Вводная: молодой парень, около 22-25 лет, работает терапевтом в больнице, увлекается стрельбой, состоит в команде которая постоянно участвует в пейнт-болл, страйк-болл, хард-болл играх, питерец. После одной из очередных игр он приезжает домой, где его ждёт назревший разговор с интеллигентными родителями о его будущем, а вместе с тем и о будущем страны:
Несмотря на разрекламированный дезодорант, от Николая несло потом, и душ был весьма кстати: уж против этого родители не возразили. Кроме того, 10 минут шумящей воды и оптимистичного марсианского уханья из ванной давали им некоторый шанс успокоиться. То, что это все-таки не сработало и что настроены они были серьезнее, чем он надеялся, Николай понял позже нужного, и вот это было худо. Спокойно прошел даже обед. Слава богу, сама терапевт, мама всегда положительно расценивала возможность дать сыну поесть без излишнего давления на нервы. А вот потом, вместо того, чтобы найти себе повод куда-нибудь уйти по неотложным делам, он зачем-то зашел к ним в комнату. Больно уж там было тихо.
– Спасибо, что заглянул.
Что ж, теперь оттенок в голосе отца определялся без труда. Сарказм.
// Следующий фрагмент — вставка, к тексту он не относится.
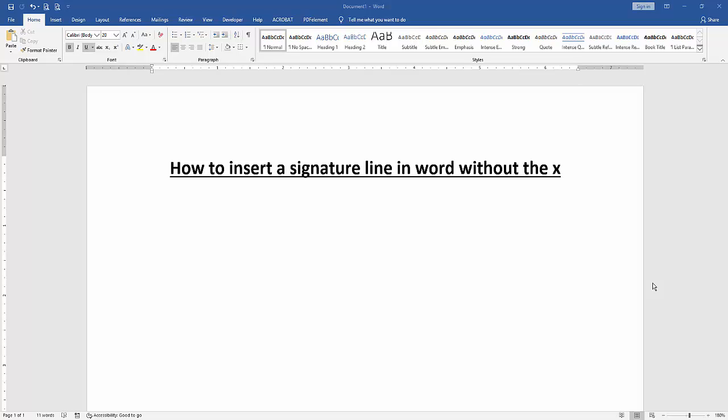Assalamualaikum, hello friends, how are you? Welcome back to another video. In this video I am going to show you how to insert a signature line in Word without the X.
И еще неодобрение. Тоже не новость, конечно, но все равно паршиво для начала. Несколько вводных вопросов, – так, для разогрева. А потом настоящий:
– Ну скажи мне, Коль, – ну когда ты прекратишь вести себя, как… Как заклиненный на всем этом. Ну скажи нам, как ты представляешь себе свое будущее?
Николай вздохнул. Свое будущее он представлял вполне четко: как стоп-кадр из кинофильма. Но если бы он описал родителям то, что стояло перед его глазами, то специализированную по соответствующему профилю бригаду «скорой» они вызвали бы, наверное, сразу. Поэтому он предпочел соврать – и сделал это даже без большой борьбы с собой. Хоть какое-то, пусть и выстроенное на иллюзиях спокойствие родителей было ему важнее. Да и все равно, поверь они ему вдруг на все сто, оно будет относительным. А возможно – и недолгим.
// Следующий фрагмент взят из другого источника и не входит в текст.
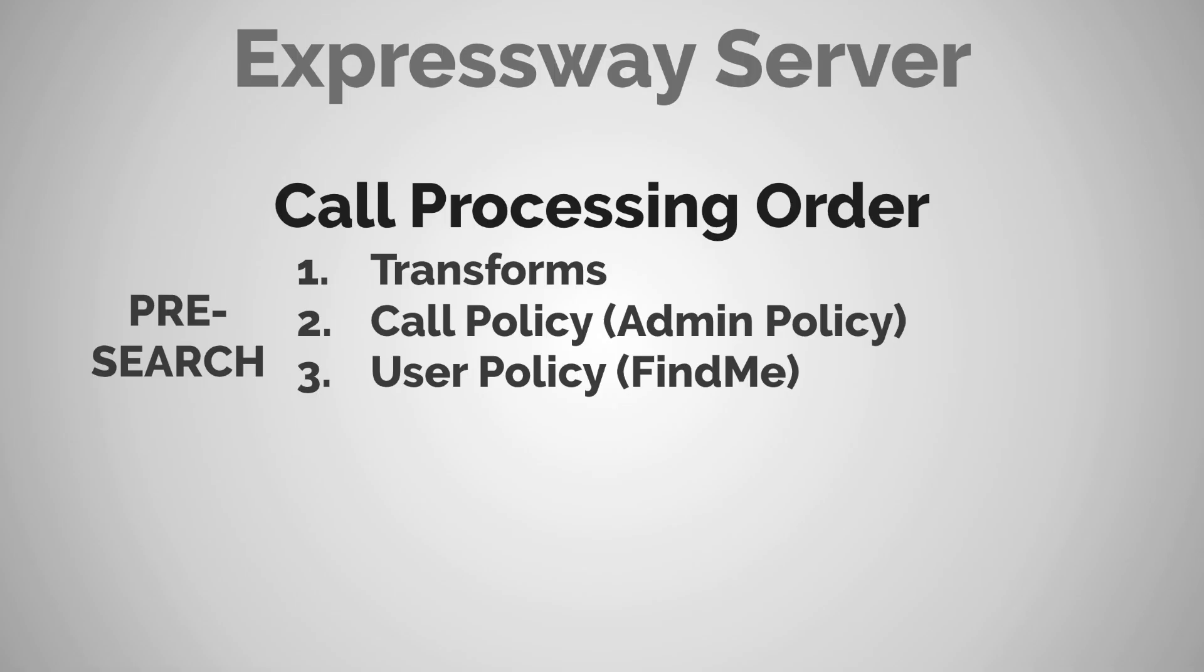Hello and welcome to the channel. In the last video, we began a discussion on the call processing order on the Expressway by talking about three pre-search items, the first of which is transforms. So today we're going to be talking about the next item, which is call policy or sometimes referred to as admin policy.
– Работать буду, – произнес Николай вслух. – Работать, работать и работать. И учить языки, по мере сил. И автомат Калашникова, как положено делать реалисту. Извините уж меня за это.
– Колюня, ну ты же не то говоришь!
Мама прижала руки к груди, – лицо у нее было такое, что Николаю захотелось залезть куда-нибудь под темное одеяло и поплакать.
– Да знаю я, мама, что не то… – на этот раз уже совершенно честно сказал он. – Но что уж тут поделаешь. Работа – дело святое.
– Ты не понял?
– Да все я понял! Это вы не понимаете, потому как не хотите! И таких людей вокруг – девяносто девять процентов, вот что самое хреновое-то.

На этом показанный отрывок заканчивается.